BEGIN PROVIDED DATA

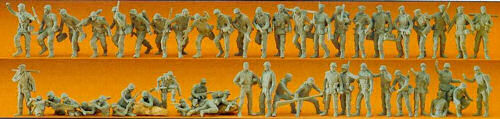 Preiser German Army Riflemen/Infantry/Engineers/Police (50) Kit PR16506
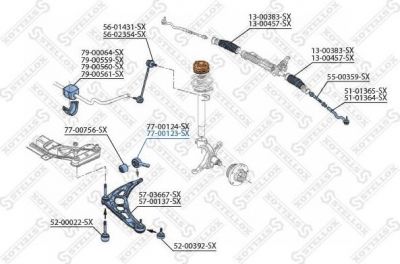 Stellox 77-00123-SX подвеска, рычаг независимой подвески колеса на 3 (E36)
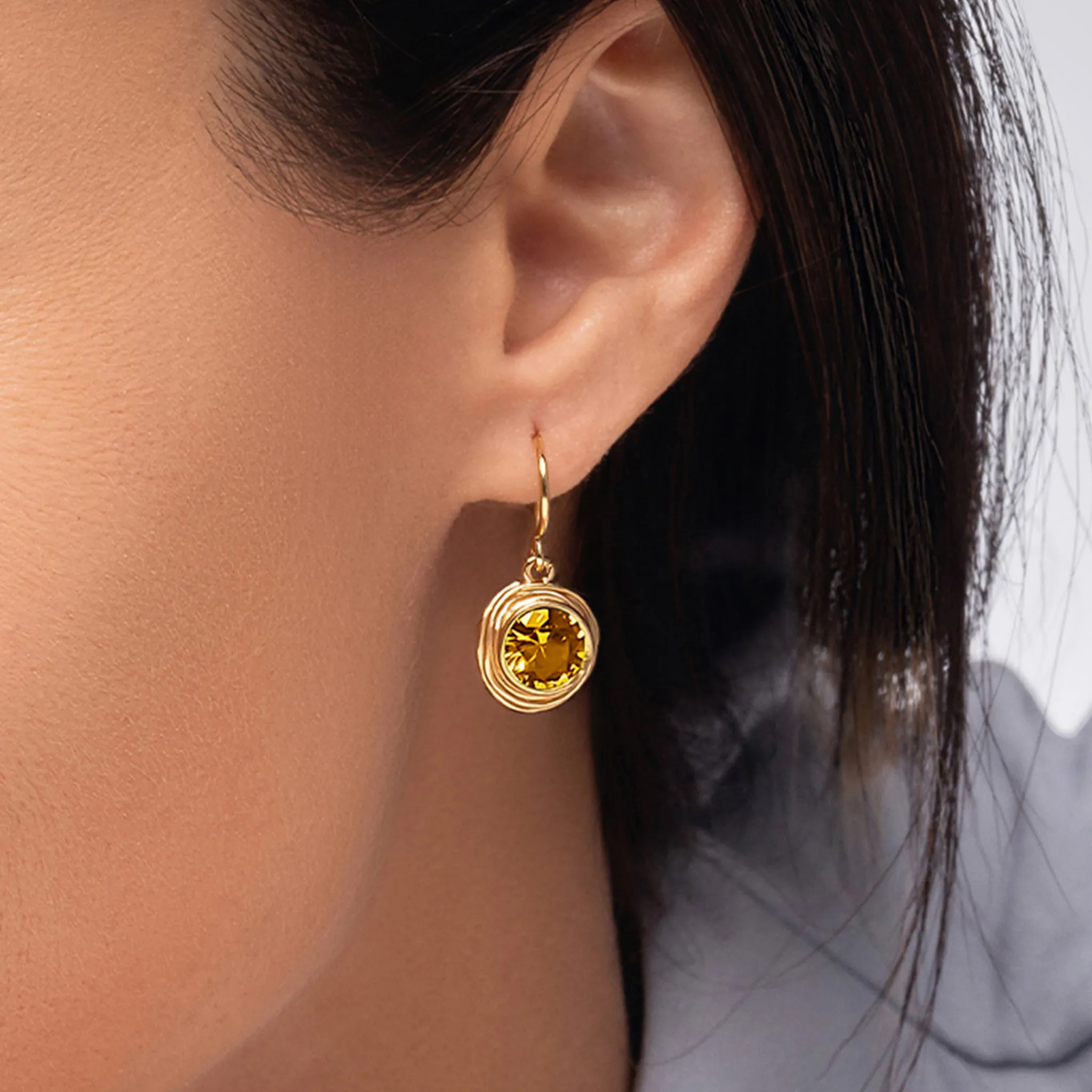 14K Gold Over Sterling Silver Citrine CZ Earrings
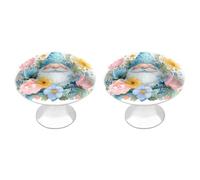 Jubonexis Bonito gnomo de Pascua con flores coloridas mariposas, pomos redondos para cajones con tornillos, 2 piezas, pomos de cajón para tocador, decoración para armario, hogar, oficina, cocina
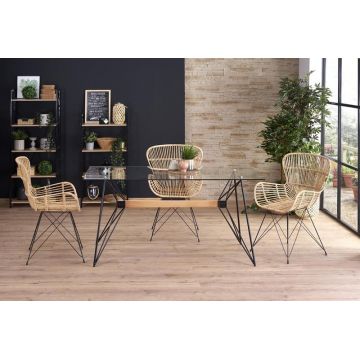 Set masa din sticla si metal Aleron + 4 scaune din ratan Kai-335 Natural, L160xl80xH75 cm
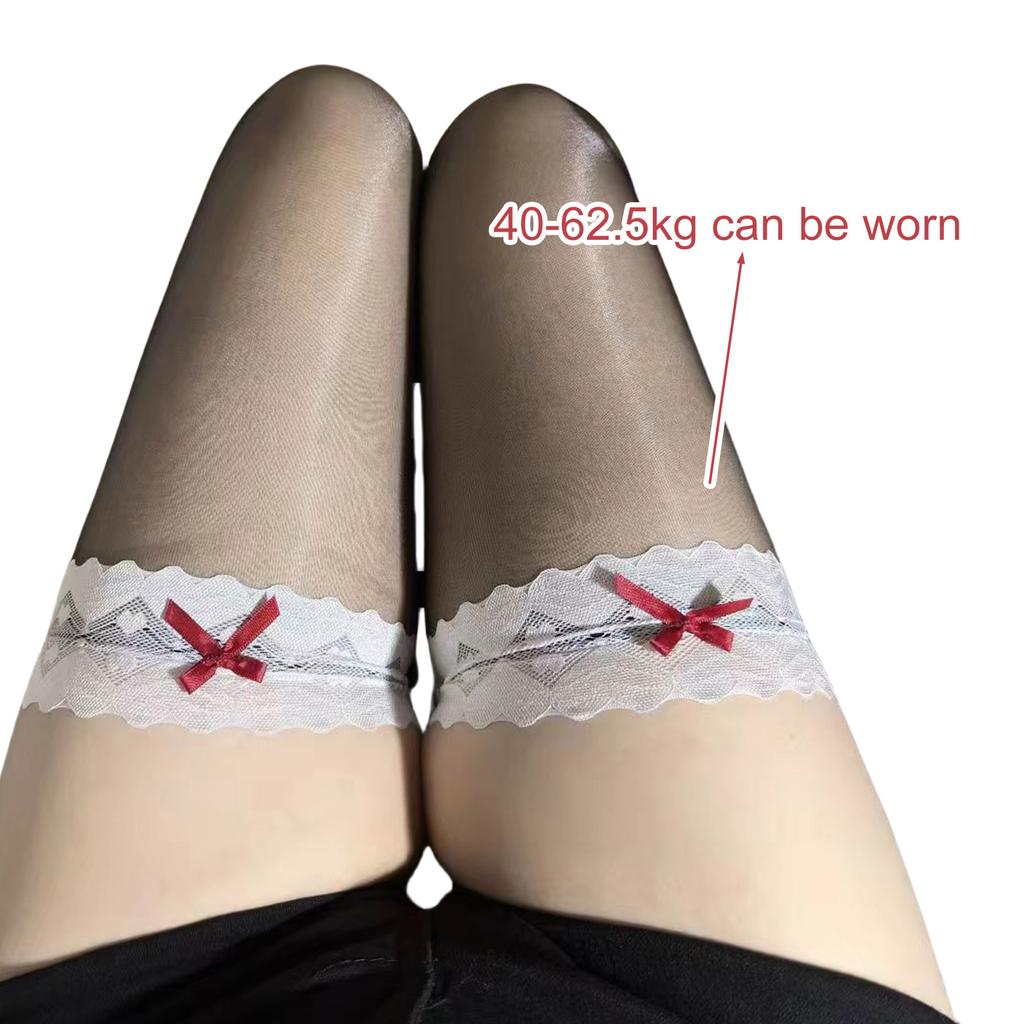 Ladies Oil Glossy Lace Top Over Knee Stockings with Bowknot Sheer Shimmery Thigh High Long Socks for Performers Hosiery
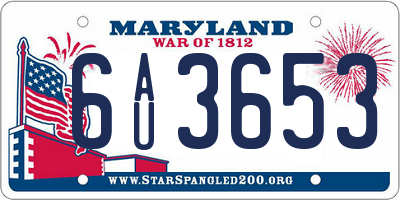 MD license plate 6AU3653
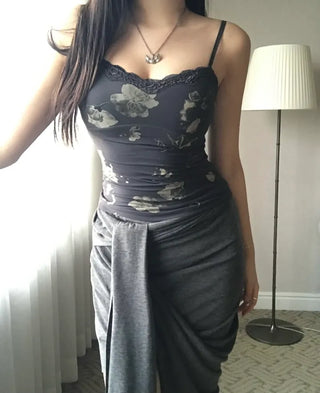 Vintage Oriental Flower Sleeveless Lace Strappy Bustier Stretch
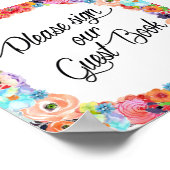 Signez notre livre d'or impression florale (Coin)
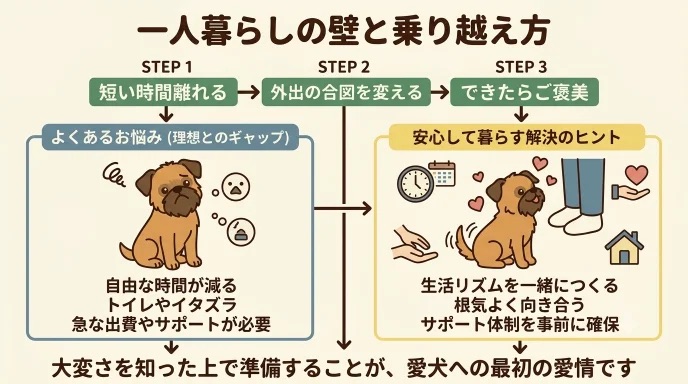 一人暮らしで犬を飼って後悔しないか不安になっていませんか？自由な時間の減少や留守番などの壁も、生活リズムづくりや事前のサポート確保で乗り越えられます。食事時間に起きてくる愛犬と過ごす日常から見えた、後悔しないための備えと心構えをお伝えします。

END PROVIDED DATA

■ **YOUR INSTRUCTIONS**: Reproduce exactly the entries from their first line through the line containing "14K Gold Over", including both, and omit any pictures.

■ **SOLUTION BELOW**:
 Preiser German Army Riflemen/Infantry/Engineers/Police (50) Kit PR16506
 Stellox 77-00123-SX подвеска, рычаг независимой подвески колеса на 3 (E36)
 14K Gold Over Sterling Silver Citrine CZ Earrings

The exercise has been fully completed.